Я написал первый абзац: “Генри Уайт был белым и счастливым. Долгое время про него можно было сказать только это. Все окружавшие его люди испытывали несчастья, о которых можно было рассказывать, а он был доволен жизнью и потому оставался своего рода белым пятном. Никто не знал, что с ним делать. Он был белым и счастливым с того самого дня, когда появился на свет. Однако сам он не думал о том, что он белый, ведь белый – цвет кожи людей, считающих, что думать о том, какой у них цвет кожи, неважно, ведь они просто люди; цвет – это то, о чем думают другие люди, которые не просто люди. Счастье было природой Генри, природой человека, которого никогда не подводило счастье и который думал о себе как о человеке, приговоренном иметь его, о чем было сказано в Декларации задолго до его рождения. Рядом с семейным почтовым ящиком на своей лужайке в Новой Англии, немного в стороне от дома, принадлежавшего стоматологу, на фасаде которого красовалась табличка «Зубная боль», он установил свою собственную деревянную табличку. Надпись на ней гласила: «Счастливый дом»”. (Сноска: моя тетушка Баджи жила в доме, который тоже назывался “Счастливым домом”, он располагался в Карачи, Пакистан, на Дипчанд-Оджха-роуд, и было это миллион лет назад.)

На этом месте я остановился. Быть может, я допишу этот рассказ, а быть может, и нет. Я много думал о Генри, о Генри Берримене и о своем.

Однажды на платане я был счастлив,
Я был на самой верхушке и пел,

– говорит нам Берримен в самой первой “Песне сновидений”. А чуть позднее появляется и Индия-Генри:

И Генри был счастлив, рядом с ней в потрясении
Рядом с собой, со своими возможностями;
Он слал свой “салам” начинающемуся рассвету,
И прокаженные сквозь дождь слали свой “салам” ему.

Я хотел совершить с Генри ужасные вещи в своем “Кандиде” – хотел, чтобы у него умерли родители, чтобы он утратил свою удачу, чтобы его прекрасная Кунегунда бросила его, а после заболела сифилисом и потеряла все зубы. Я хотел, чтобы его почти убило во время землетрясения в Лиссабоне, чтобы прокаженные ограбили его и потешались над его страданьями. Я хотел, чтобы он был уничтожен тем же оружием, что дала ему его белая кожа, чтобы он стал смотреть на мир глазами небелого, сделался Генри не-Уайтом. Если после всего этого он остался счастливым и продолжил взращивать свой сад, тогда его счастье, а быть может, и все счастье как таковое, есть блаженное безумие. Морок. Наш мир ужасен, так что счастье – это ложь. Быть может, в конце будет то же, что у Берримена, – мост, чтобы с него спрыгнуть и чтобы все было кончено.

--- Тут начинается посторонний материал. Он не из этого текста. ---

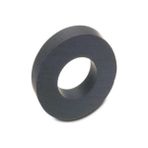 Tüftürük 1 cm Mıknatıs Halka Siyah Küçük Boy Kömür Halka Mıknatıs Magnet 10 Adet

По крайней мере такое счастье-безумие не должно писать белым по белому.

Я так и не дописал этот рассказ. Он до сих пор живет где‑то в скрытой части моего мозга.

Думаю, я прекратил писать его потому, что что‑то совершенно невозможное произошло со мной благодаря нашей счастливой встрече с Элизой: я стал счастливым. Счастье сделалось теперь и моей собственной историей, а не только историей моего героя, и оно совсем не писало белым по белому. Оно пьянило.

Я был счастлив – мы были счастливы – на протяжении пяти с лишним лет. А потом одна из тех катастроф, которые я хотел наслать на моего Генри, обрушилась на меня самого. Сможет ли наше счастье выдержать подобный удар? И если да, не будет ли оно мороком, попыткой отвести взгляд от ужаса этого мира, который нож сделал столь очевидным? Что может значить быть счастливыми, переживая последствия покушения на убийство? Что может значить – и как может отразиться на нас – перестать быть счастливыми?